• EXERCISE OBJECTIVE: Write the material out again, line by line, exactly as it is.

========

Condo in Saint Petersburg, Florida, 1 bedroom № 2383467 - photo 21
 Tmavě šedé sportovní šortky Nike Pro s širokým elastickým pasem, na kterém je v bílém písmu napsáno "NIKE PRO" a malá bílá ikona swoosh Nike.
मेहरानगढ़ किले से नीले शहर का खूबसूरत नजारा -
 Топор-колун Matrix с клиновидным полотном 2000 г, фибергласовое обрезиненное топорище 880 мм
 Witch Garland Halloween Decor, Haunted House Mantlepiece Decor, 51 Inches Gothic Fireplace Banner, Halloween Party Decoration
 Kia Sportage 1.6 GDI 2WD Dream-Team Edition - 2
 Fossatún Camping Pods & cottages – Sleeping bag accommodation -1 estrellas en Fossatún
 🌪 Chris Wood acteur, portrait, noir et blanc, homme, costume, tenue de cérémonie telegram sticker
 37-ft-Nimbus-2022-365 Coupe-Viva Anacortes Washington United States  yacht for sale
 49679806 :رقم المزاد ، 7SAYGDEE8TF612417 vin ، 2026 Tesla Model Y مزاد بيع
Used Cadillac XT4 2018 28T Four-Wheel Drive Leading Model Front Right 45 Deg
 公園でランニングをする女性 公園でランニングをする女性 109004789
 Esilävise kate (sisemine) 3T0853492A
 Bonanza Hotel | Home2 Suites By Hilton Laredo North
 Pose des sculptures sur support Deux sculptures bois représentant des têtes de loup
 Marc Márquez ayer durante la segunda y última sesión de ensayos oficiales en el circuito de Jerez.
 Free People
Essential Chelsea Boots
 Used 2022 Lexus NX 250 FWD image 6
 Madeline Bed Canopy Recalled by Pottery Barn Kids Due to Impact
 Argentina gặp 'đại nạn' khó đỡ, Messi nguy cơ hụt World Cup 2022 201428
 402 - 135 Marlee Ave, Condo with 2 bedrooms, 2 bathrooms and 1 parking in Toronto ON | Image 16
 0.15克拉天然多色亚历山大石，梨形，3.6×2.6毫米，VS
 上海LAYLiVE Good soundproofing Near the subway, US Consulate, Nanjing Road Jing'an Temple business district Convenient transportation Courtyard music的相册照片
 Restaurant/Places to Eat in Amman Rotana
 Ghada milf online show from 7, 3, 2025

========

• WRITTEN RESPONSE:
Condo in Saint Petersburg, Florida, 1 bedroom № 2383467 - photo 21
 Tmavě šedé sportovní šortky Nike Pro s širokým elastickým pasem, na kterém je v bílém písmu napsáno "NIKE PRO" a malá bílá ikona swoosh Nike.
मेहरानगढ़ किले से नीले शहर का खूबसूरत नजारा -
 Топор-колун Matrix с клиновидным полотном 2000 г, фибергласовое обрезиненное топорище 880 мм
 Witch Garland Halloween Decor, Haunted House Mantlepiece Decor, 51 Inches Gothic Fireplace Banner, Halloween Party Decoration
 Kia Sportage 1.6 GDI 2WD Dream-Team Edition - 2
 Fossatún Camping Pods & cottages – Sleeping bag accommodation -1 estrellas en Fossatún
 🌪 Chris Wood acteur, portrait, noir et blanc, homme, costume, tenue de cérémonie telegram sticker
 37-ft-Nimbus-2022-365 Coupe-Viva Anacortes Washington United States  yacht for sale
 49679806 :رقم المزاد ، 7SAYGDEE8TF612417 vin ، 2026 Tesla Model Y مزاد بيع
Used Cadillac XT4 2018 28T Four-Wheel Drive Leading Model Front Right 45 Deg
 公園でランニングをする女性 公園でランニングをする女性 109004789
 Esilävise kate (sisemine) 3T0853492A
 Bonanza Hotel | Home2 Suites By Hilton Laredo North
 Pose des sculptures sur support Deux sculptures bois représentant des têtes de loup
 Marc Márquez ayer durante la segunda y última sesión de ensayos oficiales en el circuito de Jerez.
 Free People
Essential Chelsea Boots
 Used 2022 Lexus NX 250 FWD image 6
 Madeline Bed Canopy Recalled by Pottery Barn Kids Due to Impact
 Argentina gặp 'đại nạn' khó đỡ, Messi nguy cơ hụt World Cup 2022 201428
 402 - 135 Marlee Ave, Condo with 2 bedrooms, 2 bathrooms and 1 parking in Toronto ON | Image 16
 0.15克拉天然多色亚历山大石，梨形，3.6×2.6毫米，VS
 上海LAYLiVE Good soundproofing Near the subway, US Consulate, Nanjing Road Jing'an Temple business district Convenient transportation Courtyard music的相册照片
 Restaurant/Places to Eat in Amman Rotana
 Ghada milf online show from 7, 3, 2025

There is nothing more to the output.